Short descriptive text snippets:

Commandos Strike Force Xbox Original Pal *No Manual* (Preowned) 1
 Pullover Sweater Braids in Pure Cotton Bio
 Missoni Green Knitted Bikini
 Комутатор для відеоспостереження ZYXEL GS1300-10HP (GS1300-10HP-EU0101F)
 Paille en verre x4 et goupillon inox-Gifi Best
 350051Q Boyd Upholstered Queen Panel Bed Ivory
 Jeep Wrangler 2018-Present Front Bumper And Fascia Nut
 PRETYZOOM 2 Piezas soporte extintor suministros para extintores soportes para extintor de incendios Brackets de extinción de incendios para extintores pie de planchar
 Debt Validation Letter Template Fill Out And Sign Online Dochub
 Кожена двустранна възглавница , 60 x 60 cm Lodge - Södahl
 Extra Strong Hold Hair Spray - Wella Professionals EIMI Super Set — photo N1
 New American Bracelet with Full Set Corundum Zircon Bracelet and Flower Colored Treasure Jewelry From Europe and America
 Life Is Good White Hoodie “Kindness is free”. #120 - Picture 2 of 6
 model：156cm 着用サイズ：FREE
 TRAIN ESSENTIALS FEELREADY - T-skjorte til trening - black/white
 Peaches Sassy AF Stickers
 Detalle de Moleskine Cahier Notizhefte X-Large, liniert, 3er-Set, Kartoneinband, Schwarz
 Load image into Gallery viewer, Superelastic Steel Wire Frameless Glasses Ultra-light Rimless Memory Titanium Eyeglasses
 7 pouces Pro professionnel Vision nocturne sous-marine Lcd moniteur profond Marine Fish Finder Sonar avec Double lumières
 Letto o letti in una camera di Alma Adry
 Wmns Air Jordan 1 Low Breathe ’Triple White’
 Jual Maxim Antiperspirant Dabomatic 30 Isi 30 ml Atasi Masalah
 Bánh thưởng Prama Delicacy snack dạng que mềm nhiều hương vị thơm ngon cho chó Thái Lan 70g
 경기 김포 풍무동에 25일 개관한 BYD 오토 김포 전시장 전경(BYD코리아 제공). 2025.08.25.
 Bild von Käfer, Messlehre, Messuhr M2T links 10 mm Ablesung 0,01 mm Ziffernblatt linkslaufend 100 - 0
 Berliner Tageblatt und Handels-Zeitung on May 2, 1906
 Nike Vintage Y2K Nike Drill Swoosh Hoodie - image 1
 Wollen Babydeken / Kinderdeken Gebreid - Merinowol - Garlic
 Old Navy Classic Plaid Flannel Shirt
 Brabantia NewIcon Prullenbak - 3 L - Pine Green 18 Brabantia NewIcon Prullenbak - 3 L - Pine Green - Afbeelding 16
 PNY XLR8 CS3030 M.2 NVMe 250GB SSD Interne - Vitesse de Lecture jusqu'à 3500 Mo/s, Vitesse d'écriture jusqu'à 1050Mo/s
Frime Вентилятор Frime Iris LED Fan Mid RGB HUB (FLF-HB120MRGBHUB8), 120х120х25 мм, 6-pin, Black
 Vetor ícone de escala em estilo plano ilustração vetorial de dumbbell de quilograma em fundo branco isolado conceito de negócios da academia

WHAT TO PRODUCE:
All lines above with the word "Hoodie" need to be reported.

RESULT BELOW:
 Life Is Good White Hoodie “Kindness is free”. #120 - Picture 2 of 6
 Nike Vintage Y2K Nike Drill Swoosh Hoodie - image 1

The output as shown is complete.